The expected output is an exact copy of the lines from the one containing "Hyundai Venue 2024 Petrol 20000 Km Driven" through the final line of the entries below, with no images.

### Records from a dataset
▼

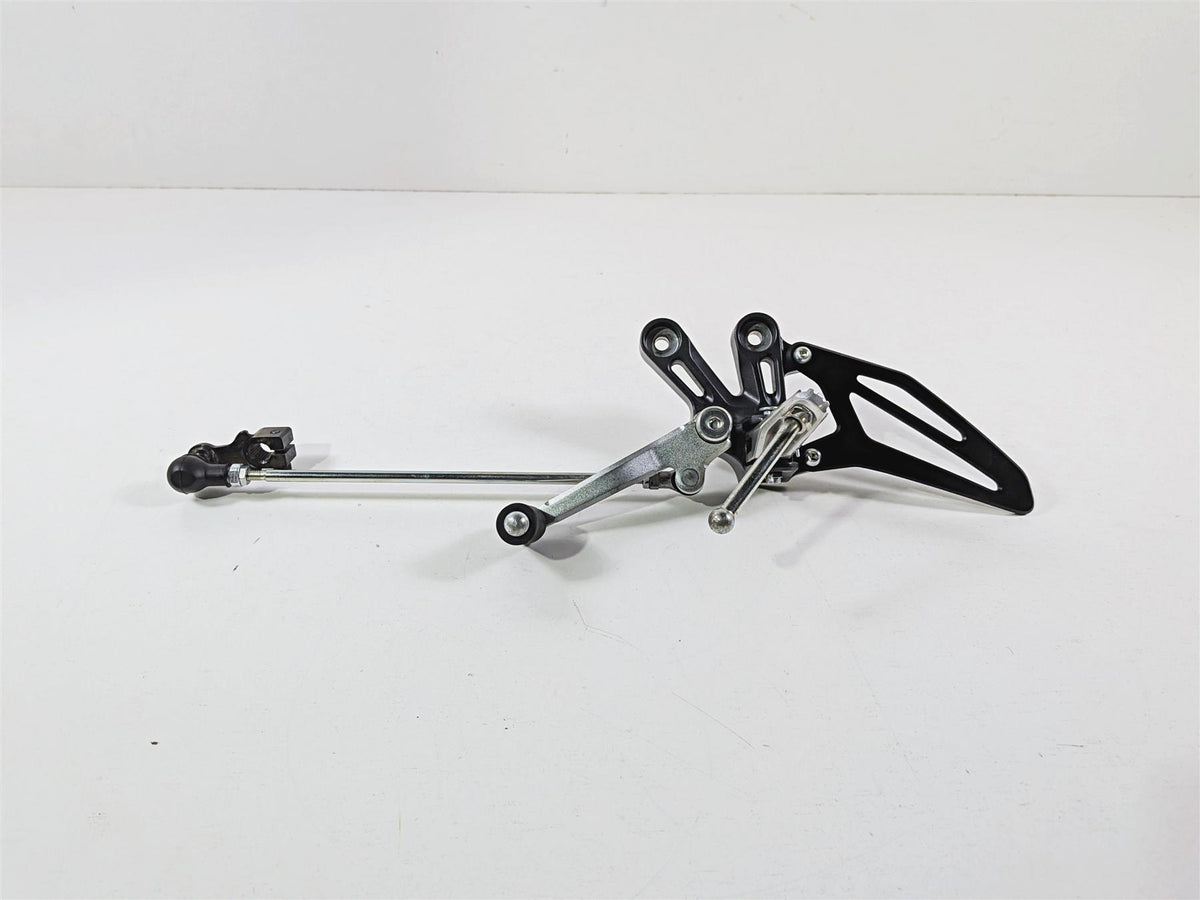 2025 Yamaha YZF R7 Nice Left Front Foot Peg & Shifter BEB-27442-00 BEB-18110-00 {{ shop.shopifyCountryName }} - Mototech271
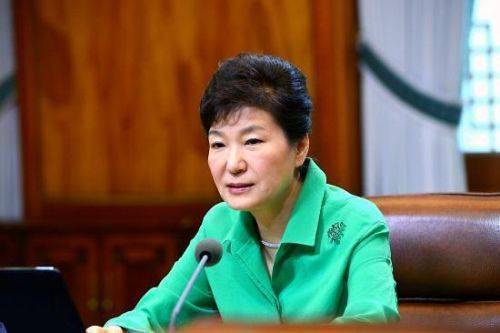 Become a suspect? South Korean prosecutors called Park Geun-hye "conspiracy to commit crimes".jpg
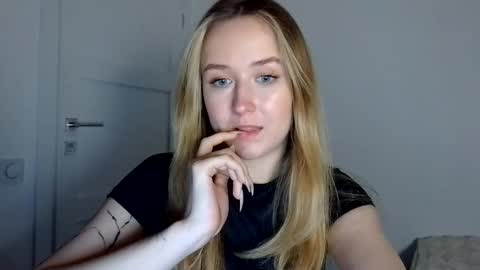 Lulu Baby18 online show from April 24, 5:15 pm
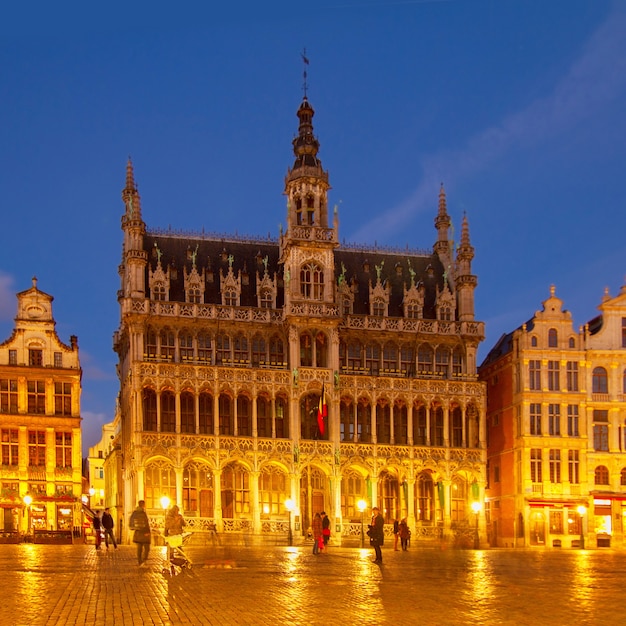 Maison du Roi di notte, Bruxelles, Belgio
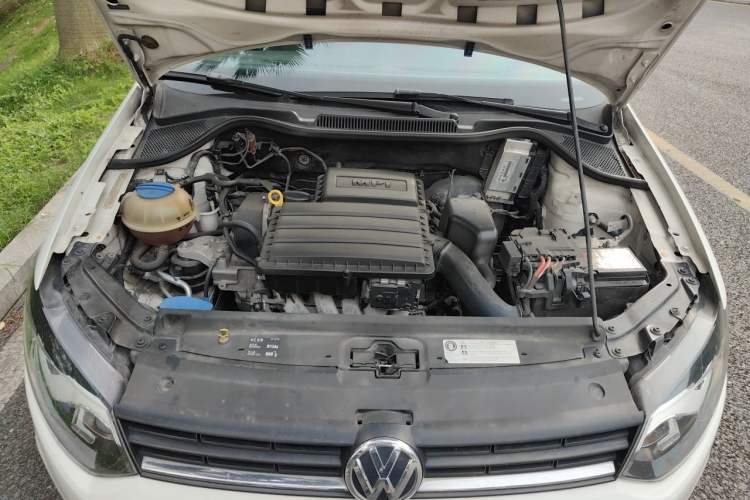 Used Volkswagen Polo 2016 1.4L Manual Fashion Model Engine Bay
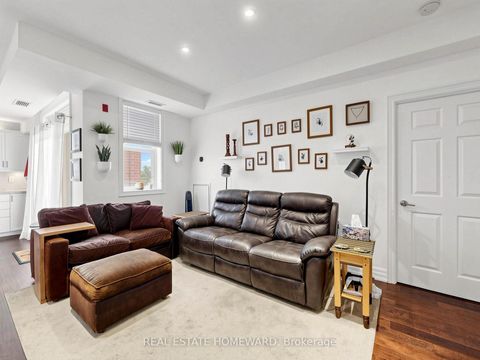 Photo 2 at 309 - 15450 Yonge Street, Aurora Heights, Aurora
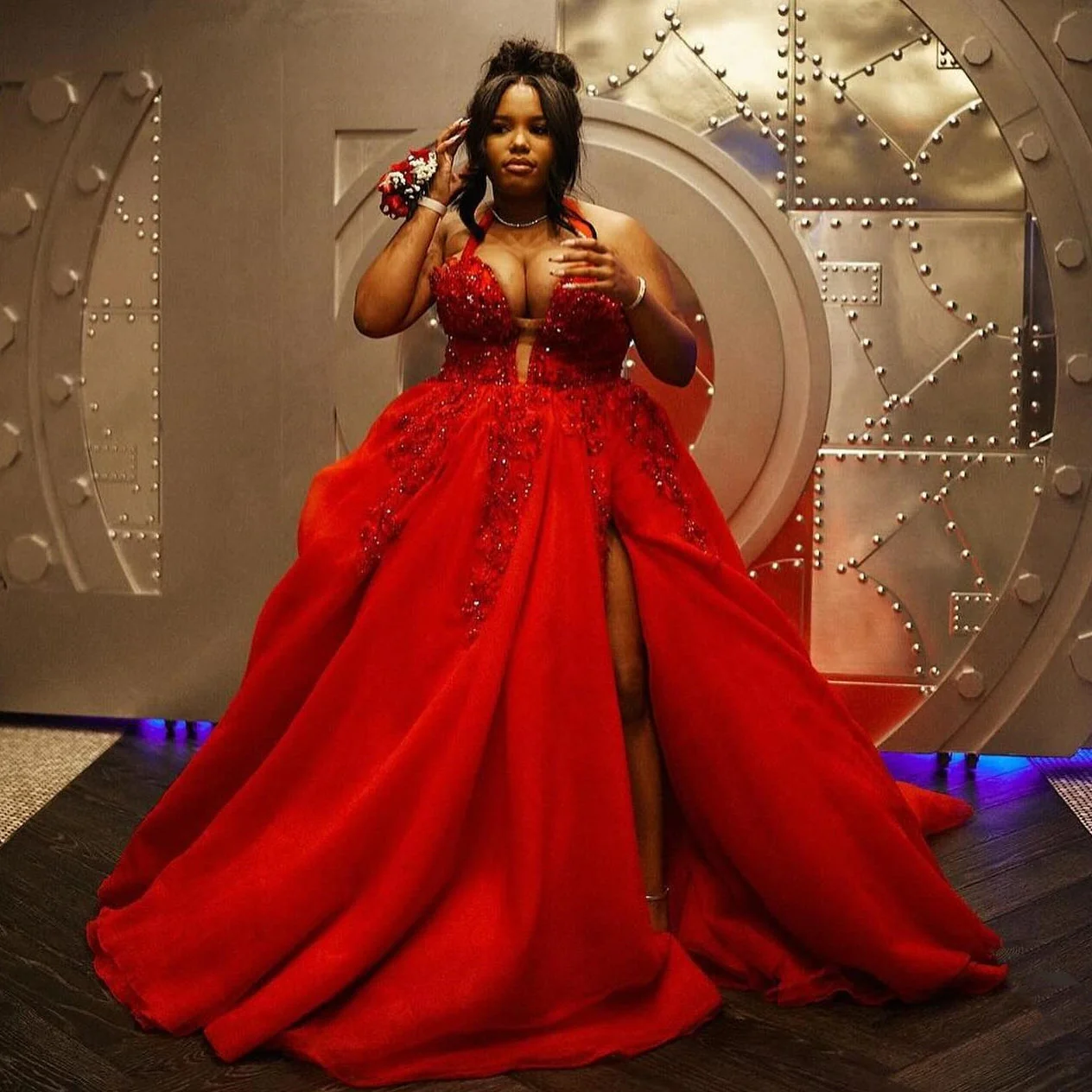 Plus Size Red Halter A-Line Tulle Side Slit Prom Dress with Beads - Image 2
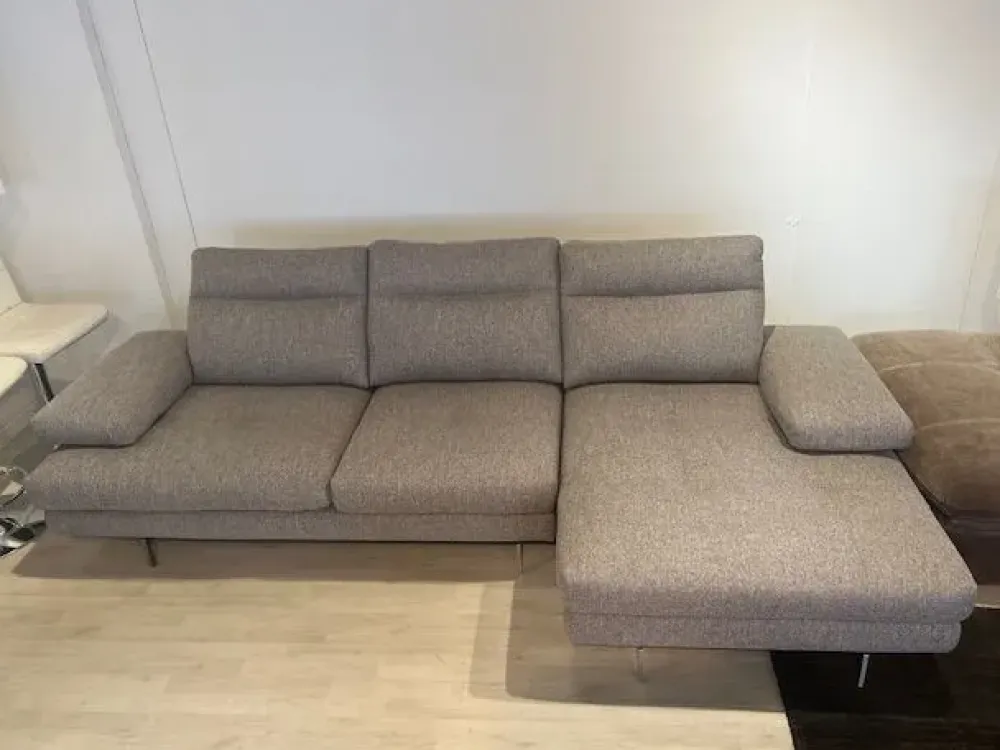 Divano da 4 posti modello Toby wing di scontato^Calia Best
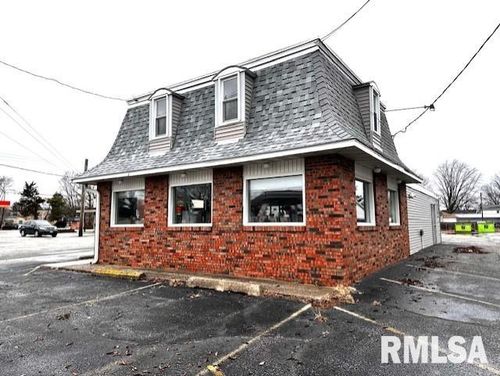 104 E Vandalia Rd, South Jacksonville, IL, 62650-3530 | Card Image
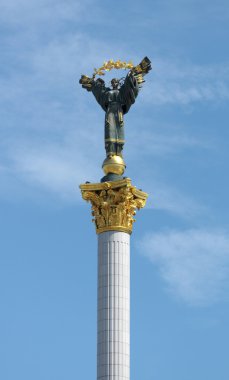 Kiev bağımsızlık Anıtı. şehir merkezinde bir sermaye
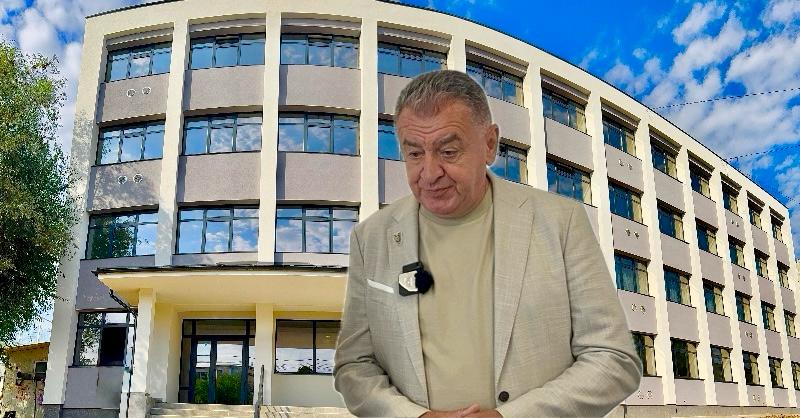 Pitesti Scoala importanta renovata Vin la sedintelor cu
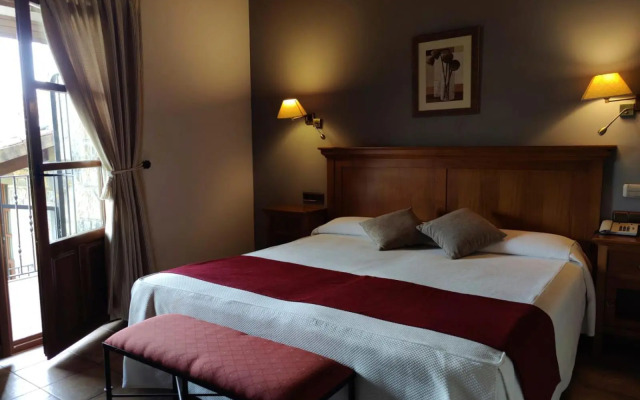 Hotel & Spa Peña Montañesa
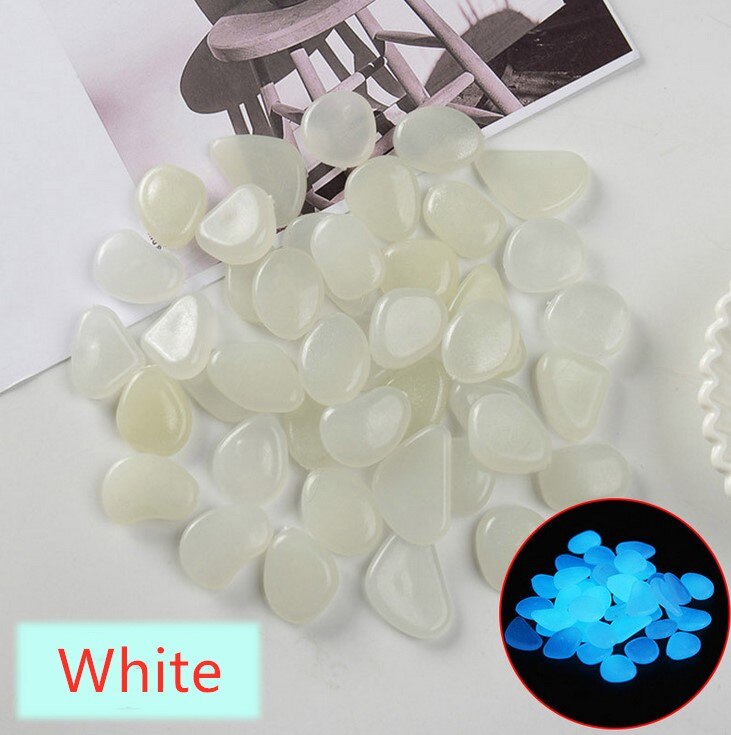 Pedras coloridas que brilham no escuro, pedrinhas luminosas para decoração de jardim, áreas externas, aquários, pedrinhas para decoração, 50 peças: White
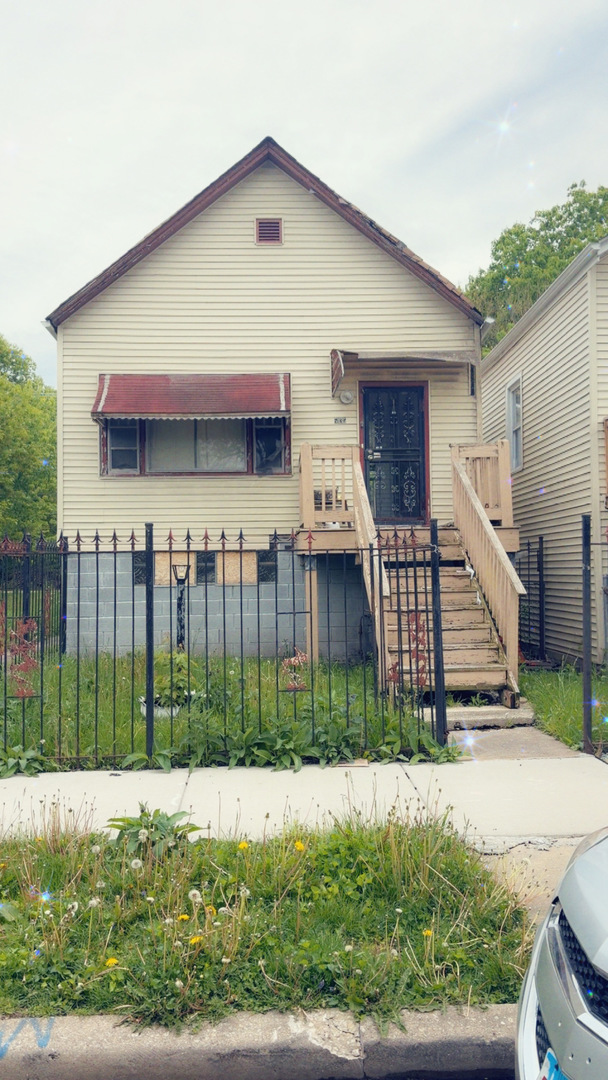 5135 S May Street Property Photo 1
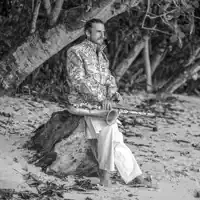 Escucha a undefined, mira vídeos musicales, lee la biografía, consulta fechas de giras y mucho más.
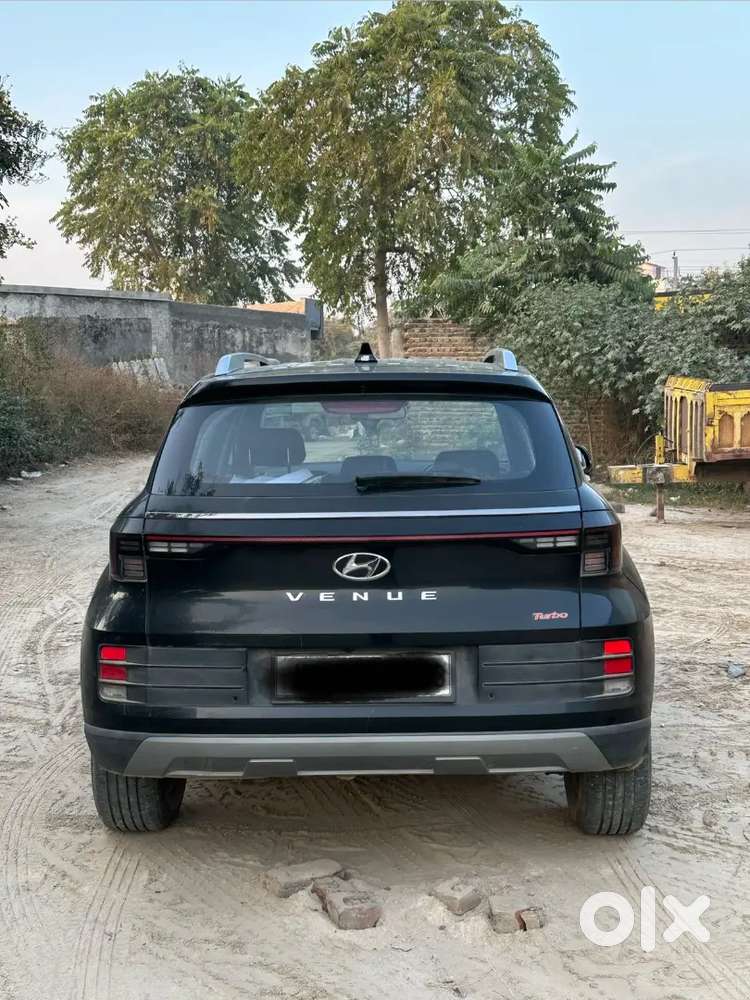 Hyundai Venue 2024 Petrol 20000 Km Driven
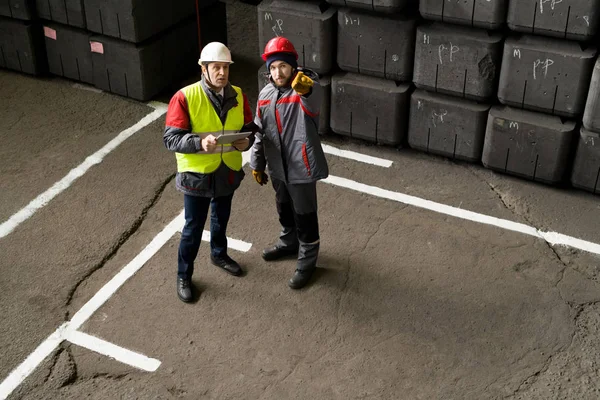 Retrato Alto Ângulo Engenheiro Industrial Maduro Usando Chapéu Duro Conversando — Fotografia de Stock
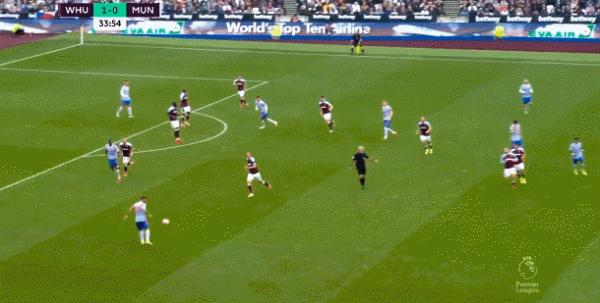 索帥臨場連改3次戰術,全隊耐心終獲回報,紅魔們我們贏球一起狂 索帥臨場連改3次戰術,全隊耐心終獲回報,紅魔們我們贏球一起狂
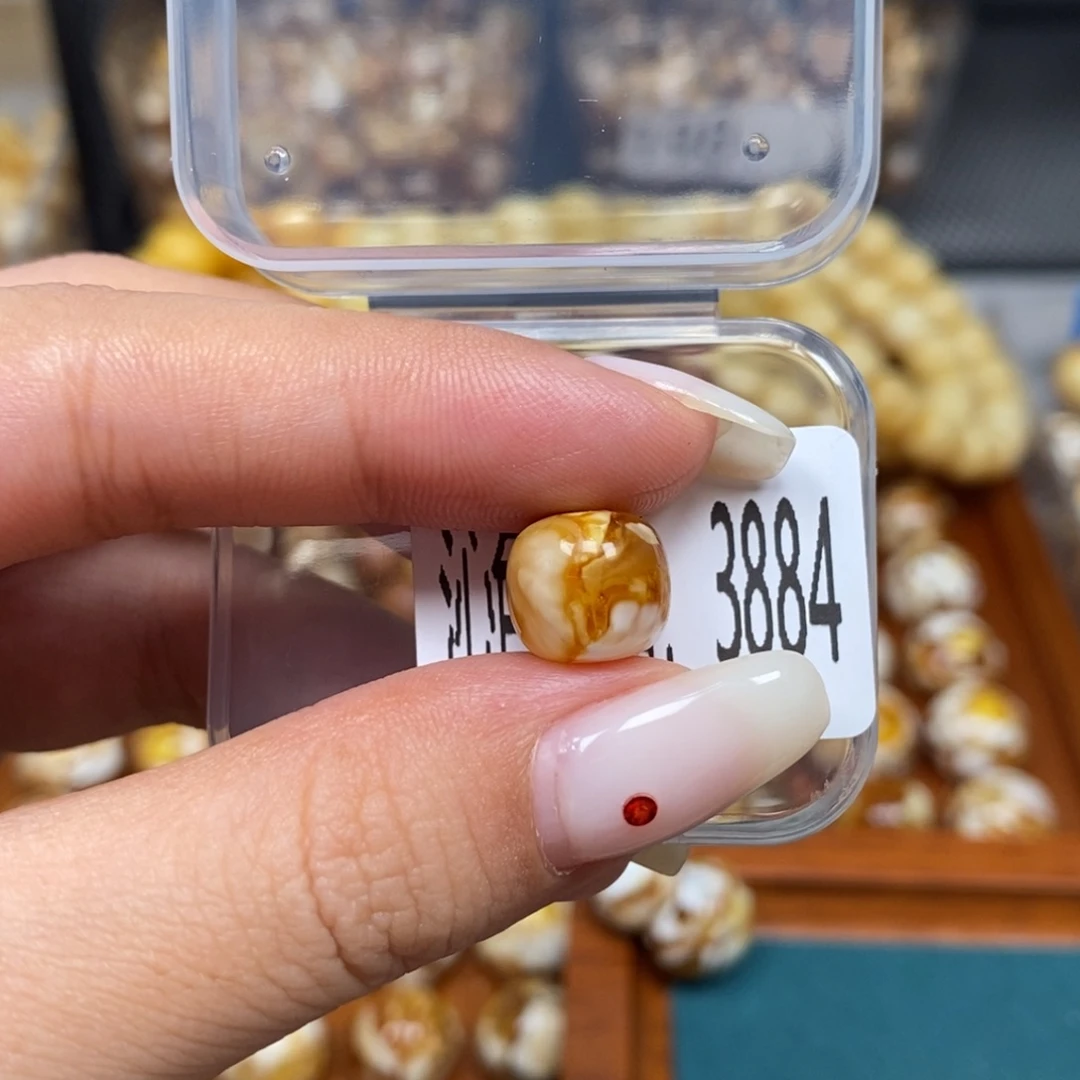 蜜蜡未镶嵌珠宝奇石3884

▲

### Exercise output
 Hyundai Venue 2024 Petrol 20000 Km Driven
 Retrato Alto Ângulo Engenheiro Industrial Maduro Usando Chapéu Duro Conversando — Fotografia de Stock
 索帥臨場連改3次戰術,全隊耐心終獲回報,紅魔們我們贏球一起狂 索帥臨場連改3次戰術,全隊耐心終獲回報,紅魔們我們贏球一起狂
 蜜蜡未镶嵌珠宝奇石3884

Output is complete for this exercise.